Parte 3 de nossa série de entrevistas com grandes personalidades presentes no FIQ 2018. Desta vez, com ninguém menos que Marcelo D’Salete. Não conhece ainda? Hmmm... Ainda dá tempo de correr contra o prejuízo.

Nascido em São Paulo, Marcelo D’Salete é um dos nomes de maior destaque no cenário quadrinístico brasileiro atual. Com forte pegada autoral e intenso engajamento em temas de cunho racial, os quadrinhos de Marcelo têm se destacado por abordar temas complexos da historiografia nacional – como a escravidão – pela perspectiva dos povos oprimidos. Dentre seus trabalhos de maior reconhecimento, incluem-se Cumbe (Veneta, 2014) e Angola Janga (Veneta, 2017). Em 2018, Cumbe foi indicada ao Prêmio Eisner (premiação máxima dos quadrinhos norte-americanos) na categoria melhor publicação estrangeira nos EUA. Tomara que ganhe. (MMA)

Raio Laser: Este é um grande momento do seu trabalho. Mas é aquele negócio: para fazer sucesso da noite para o dia leva pelo menos uns 15 anos... rs. Poderia traçar uma trajetória resumida de sua carreira?

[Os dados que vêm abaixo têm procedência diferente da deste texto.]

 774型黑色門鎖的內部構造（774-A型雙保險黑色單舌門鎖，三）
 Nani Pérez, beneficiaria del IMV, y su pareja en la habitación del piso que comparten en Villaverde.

Marcelo D’Salete: Eu comecei publicando quadrinhos, fazendo alguma coisa, no final dos anos 90 e começo de 2000. Meus primeiros trabalhos foram publicados na Quadreca (publicação acadêmica, surgida em 1977, sobre histórias em quadrinhos, publicada pela Editora-Laboratório Com-Arte, selo da Editora da Universidade de São Paulo) e na Front (publicação de quadrinhos contendo material exclusivamente nacional, lançada em 2001 pela Editora Via Lettera). Publiquei nuns 5 números da Front, de 2002 a 2006, e depois parti para fazer meus trabalhos solo. Primeiro veio Noite Luz (Via Lettera, 2008), depois Encruzilhada (Leya, 2011), Cumbe e Angola Janga. Nos primeiros trabalhos foi bem difícil, na verdade, de achar o público certo. Meus dois primeiros trabalhos eram para um público pertencente a uma galera que gostava muito de quadrinhos, que acabava conhecendo ali e tal. Tinha um retorno positivo de crítica, mas não financeiro. Depois, com meus dois trabalhos mais recentes, foi bem diferente. São quadrinhos que alcançaram um público para além do público leitor de quadrinhos – pessoas interessadas em outras áreas – e o público interessado especificamente em quadrinhos.